Während in den vergangenen Jahren laut BGW Unternehmensarten mit unterschiedlich hoher Unfallgefahr in einer Tarifgruppe zusammengefasst wurden, würden in der neuen Gefahrklasse der Tarifstelle 07 nun relativ genau das eigene Unfallrisiko der Ergotherapie und Physiotherapie abgebildet werden. Risikoärmere Unternehmensarten, wie die Praxen der Logopädie und der Entbindungspflege, können demnach nun einer Gefahrklasse zugeordnet werden, die ihrem tatsächlichen Risiko entsprechen würde. In den vergangenen Tarifen hätten diese risikoärmeren Unternehmensarten nämlich dafür gesorgt, dass die Gefahrklasse insgesamt niedrig gehalten wurde.
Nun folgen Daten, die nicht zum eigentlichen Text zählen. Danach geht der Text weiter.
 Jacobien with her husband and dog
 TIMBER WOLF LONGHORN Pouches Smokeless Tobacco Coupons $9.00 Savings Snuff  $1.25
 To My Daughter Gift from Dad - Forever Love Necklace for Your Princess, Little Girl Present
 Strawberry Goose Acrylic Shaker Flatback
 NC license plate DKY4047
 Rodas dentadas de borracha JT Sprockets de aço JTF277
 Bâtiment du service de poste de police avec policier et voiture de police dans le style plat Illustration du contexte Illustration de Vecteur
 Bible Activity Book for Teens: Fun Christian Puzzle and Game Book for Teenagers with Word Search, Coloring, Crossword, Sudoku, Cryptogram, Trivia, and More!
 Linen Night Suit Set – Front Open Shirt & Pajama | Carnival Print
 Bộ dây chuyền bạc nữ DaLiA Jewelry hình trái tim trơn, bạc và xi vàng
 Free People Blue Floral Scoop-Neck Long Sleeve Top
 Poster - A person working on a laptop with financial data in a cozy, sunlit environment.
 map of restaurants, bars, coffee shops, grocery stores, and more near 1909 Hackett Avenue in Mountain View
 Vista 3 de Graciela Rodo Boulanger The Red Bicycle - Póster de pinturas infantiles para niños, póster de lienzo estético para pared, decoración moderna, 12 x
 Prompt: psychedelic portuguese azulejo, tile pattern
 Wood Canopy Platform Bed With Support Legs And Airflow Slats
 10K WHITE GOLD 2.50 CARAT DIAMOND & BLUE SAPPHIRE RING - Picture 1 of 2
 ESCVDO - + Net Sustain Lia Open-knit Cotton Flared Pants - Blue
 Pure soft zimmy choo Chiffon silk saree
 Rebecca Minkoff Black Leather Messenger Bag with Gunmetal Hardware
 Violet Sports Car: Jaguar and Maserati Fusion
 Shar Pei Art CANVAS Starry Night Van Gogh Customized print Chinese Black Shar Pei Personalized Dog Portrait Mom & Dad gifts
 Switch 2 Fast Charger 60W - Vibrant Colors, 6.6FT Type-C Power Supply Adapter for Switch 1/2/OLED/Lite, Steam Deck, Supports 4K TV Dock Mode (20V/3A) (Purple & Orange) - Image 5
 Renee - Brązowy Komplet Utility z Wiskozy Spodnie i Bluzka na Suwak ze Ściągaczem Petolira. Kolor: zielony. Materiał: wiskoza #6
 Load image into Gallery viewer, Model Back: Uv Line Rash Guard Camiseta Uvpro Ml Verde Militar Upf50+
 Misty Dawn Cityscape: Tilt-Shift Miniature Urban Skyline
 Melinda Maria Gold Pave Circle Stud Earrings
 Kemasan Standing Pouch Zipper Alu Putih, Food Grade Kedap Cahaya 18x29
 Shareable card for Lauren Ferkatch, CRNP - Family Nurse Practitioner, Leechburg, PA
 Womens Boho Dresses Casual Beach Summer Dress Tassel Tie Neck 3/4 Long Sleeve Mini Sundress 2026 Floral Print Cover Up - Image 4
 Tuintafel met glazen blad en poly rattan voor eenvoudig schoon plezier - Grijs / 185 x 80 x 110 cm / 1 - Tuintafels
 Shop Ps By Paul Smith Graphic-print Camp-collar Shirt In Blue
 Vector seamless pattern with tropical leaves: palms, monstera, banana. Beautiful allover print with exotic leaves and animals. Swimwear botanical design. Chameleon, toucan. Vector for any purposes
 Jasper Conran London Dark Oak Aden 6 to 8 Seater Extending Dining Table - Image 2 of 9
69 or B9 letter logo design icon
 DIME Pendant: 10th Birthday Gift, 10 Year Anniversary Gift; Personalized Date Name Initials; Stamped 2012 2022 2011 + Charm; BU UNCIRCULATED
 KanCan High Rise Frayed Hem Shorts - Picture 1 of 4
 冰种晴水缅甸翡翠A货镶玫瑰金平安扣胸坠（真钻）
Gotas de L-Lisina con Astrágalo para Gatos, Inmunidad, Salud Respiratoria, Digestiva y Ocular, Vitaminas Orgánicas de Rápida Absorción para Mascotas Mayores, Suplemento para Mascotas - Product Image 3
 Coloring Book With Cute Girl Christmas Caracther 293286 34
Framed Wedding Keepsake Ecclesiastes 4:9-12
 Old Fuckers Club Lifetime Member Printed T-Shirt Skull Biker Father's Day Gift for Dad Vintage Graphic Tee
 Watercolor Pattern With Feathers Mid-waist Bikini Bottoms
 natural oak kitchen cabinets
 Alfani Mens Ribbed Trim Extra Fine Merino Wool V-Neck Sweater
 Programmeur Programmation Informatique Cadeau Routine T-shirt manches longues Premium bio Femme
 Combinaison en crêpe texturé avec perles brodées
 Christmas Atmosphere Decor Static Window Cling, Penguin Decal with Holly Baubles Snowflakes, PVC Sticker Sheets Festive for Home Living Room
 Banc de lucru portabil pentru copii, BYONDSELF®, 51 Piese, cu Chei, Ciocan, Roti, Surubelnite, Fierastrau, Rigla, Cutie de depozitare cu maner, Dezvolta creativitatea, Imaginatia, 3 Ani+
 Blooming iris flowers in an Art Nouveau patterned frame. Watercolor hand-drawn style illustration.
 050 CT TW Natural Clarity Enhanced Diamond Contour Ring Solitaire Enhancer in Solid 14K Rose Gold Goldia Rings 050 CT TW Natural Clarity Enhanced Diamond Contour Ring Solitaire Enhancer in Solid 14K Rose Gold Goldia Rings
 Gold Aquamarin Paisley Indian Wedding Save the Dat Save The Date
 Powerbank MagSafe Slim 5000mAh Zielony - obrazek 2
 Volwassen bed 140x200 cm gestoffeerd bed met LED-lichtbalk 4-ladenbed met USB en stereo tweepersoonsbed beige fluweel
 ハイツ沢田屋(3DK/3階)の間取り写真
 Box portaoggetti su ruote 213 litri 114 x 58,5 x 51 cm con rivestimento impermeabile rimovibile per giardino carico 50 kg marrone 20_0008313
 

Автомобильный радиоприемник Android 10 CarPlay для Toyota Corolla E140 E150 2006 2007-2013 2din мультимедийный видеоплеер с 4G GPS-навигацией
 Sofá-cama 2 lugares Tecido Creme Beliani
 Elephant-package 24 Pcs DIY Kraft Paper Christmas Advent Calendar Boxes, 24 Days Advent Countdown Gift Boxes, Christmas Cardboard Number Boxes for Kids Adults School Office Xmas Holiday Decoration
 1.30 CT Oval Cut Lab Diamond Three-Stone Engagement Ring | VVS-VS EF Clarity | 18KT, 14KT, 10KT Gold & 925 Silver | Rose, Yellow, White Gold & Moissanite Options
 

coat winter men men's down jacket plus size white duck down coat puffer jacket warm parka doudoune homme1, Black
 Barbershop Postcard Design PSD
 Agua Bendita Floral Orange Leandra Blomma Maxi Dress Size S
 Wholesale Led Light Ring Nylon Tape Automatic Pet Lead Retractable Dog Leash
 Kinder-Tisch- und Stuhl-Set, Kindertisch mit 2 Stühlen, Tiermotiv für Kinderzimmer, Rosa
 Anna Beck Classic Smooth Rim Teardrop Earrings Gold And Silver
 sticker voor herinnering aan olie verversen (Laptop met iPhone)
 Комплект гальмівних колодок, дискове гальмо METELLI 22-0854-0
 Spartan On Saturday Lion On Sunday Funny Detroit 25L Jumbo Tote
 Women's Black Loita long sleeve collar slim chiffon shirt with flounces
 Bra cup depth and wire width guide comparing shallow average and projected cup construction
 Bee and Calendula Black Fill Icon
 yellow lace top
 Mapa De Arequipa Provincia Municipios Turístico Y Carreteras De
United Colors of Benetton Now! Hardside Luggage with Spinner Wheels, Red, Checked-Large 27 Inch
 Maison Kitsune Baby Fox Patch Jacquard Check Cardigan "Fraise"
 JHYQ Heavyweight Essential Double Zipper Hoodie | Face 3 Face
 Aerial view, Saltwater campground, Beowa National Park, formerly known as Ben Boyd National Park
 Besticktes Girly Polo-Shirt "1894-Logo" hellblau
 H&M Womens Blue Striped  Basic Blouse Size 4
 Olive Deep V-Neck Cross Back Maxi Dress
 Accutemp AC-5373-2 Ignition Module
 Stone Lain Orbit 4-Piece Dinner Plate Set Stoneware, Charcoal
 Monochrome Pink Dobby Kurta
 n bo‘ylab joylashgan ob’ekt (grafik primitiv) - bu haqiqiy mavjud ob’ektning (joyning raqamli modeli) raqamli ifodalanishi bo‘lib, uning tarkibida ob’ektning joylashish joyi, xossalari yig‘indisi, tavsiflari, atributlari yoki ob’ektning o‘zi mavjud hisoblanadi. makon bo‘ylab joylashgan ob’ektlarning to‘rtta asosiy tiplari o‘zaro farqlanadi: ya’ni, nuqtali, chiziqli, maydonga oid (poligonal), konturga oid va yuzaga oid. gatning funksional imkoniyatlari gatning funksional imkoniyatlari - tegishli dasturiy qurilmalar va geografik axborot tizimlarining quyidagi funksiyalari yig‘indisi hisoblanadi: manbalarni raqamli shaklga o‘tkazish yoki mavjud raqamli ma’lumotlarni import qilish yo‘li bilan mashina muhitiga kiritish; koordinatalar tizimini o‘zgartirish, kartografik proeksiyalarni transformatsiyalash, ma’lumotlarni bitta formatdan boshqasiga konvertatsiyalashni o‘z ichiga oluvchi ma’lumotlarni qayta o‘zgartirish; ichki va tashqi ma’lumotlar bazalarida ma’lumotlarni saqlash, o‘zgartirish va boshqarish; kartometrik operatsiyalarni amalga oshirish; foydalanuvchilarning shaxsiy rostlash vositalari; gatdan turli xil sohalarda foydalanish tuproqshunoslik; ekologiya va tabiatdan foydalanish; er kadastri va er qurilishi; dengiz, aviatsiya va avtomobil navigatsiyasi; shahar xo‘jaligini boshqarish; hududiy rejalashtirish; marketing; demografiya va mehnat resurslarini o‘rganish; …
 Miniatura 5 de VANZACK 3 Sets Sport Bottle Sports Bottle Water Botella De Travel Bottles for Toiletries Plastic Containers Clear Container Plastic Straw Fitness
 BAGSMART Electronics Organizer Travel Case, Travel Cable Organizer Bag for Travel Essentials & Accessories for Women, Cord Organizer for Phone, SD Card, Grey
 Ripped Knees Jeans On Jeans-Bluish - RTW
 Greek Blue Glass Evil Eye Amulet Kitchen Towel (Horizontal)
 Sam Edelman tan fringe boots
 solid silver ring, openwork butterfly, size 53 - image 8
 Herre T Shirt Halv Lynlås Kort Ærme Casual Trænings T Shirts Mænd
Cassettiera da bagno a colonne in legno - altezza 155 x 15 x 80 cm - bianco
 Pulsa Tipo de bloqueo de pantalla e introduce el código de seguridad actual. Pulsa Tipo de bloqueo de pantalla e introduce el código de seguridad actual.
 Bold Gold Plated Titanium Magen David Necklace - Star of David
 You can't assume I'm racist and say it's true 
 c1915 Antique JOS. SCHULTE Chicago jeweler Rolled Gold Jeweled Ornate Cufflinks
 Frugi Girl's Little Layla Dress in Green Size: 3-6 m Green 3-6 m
„Uns ist klar, dass der Anstieg der Gefahrklasse bei den Betroffenen nicht auf positive Resonanz stößt“, so die BGW in ihrer Antwort an den VPT. „Es ist aber letztlich nur eine Begünstigung entfallen, die über einen langen Zeitraum zu einer niedrigen Gefahrklasse im Bereich der Ergotherapie und der Physiotherapie geführt hat.“

Natürlich ist diese Antwort wenig befriedigend. Wir werden daher als Verband die neuen Einstufungen genau verfolgen.